May 30, 2020

Historical Data

Spring 2020

Time on the Cross: What Went Wrong

In our reading for this week, we looked at An Overview of Time on the Cross, by Herbert Gutman, which is a review of Time on the Cross, (T/C) by Robert William Fogel and Stanley L. Engerman, an example used by historians to show how digital history can be used incorrectly, and how interpretation of only pure facts, and therefore the ignorance of human interactions, can lead to incorrect historical interpretations. As Gutman states, “On all of these important matters, the findings in T/C are either disappointingly slight and unconvincing, based upon flawed assumptions about slave culture and slave society, based upon misuse of important quantitative data, or derived from inferences and estimates that are the result of a misreading of conventional scholarship.” (Gutman 60) Fogel and Engermans findings in T/C indicate that slavery in the US acted more along the lines of a free market economy, with slave owners giving positive incentives to their slaves in order to have them work harder, the existence of a fluid social hierarchy among slaves, which they refer to as a form of the American dream, and the adoption of a protestant work ethic amongst slaves.

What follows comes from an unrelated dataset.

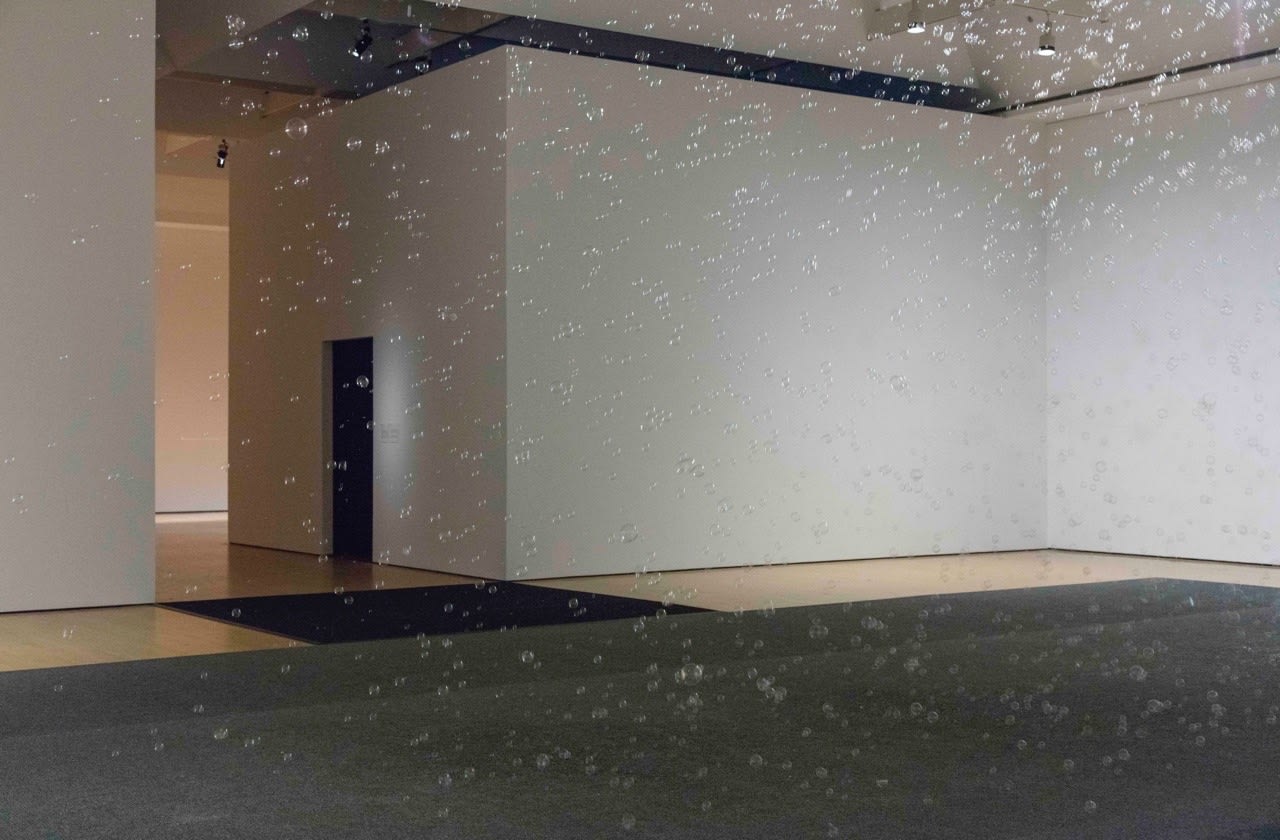 Teresa Margolles, En el aire, In the Air, 2003/ 2011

They therefore refute the commonly held idea that slaves resisted their masters, instead proposing that it was mutually beneficial for slaves to work hard. This is refuted by not only first hand accounts, but also quantitative data about slave whippings and escape attempts which T/C seems to simply ignore. As digital historians, T/C serves as a perfect example of what not to do. The problem which Fogel and Engerman have in this study is that they became too interested in pure facts and quantitative data, excluding numerous examples of non-quantitative data such as first hand accounts, as well as excluding quantitative data that refuted the other findings they were presenting. While Fogel and Engerman are both respected economic historians today, this work serves as a shining example of the opposite of good digital historical analysis. When looking at historical data, it is important to look at points of non-quantitative data and to include all data, including things which may refute the other findings, such as scientists do in scientific experiments and studies. Overall, though T/C is panned by many historians worldwide, it is as important, if not more important than, accurate studies and findings, because it can show historians what not to do.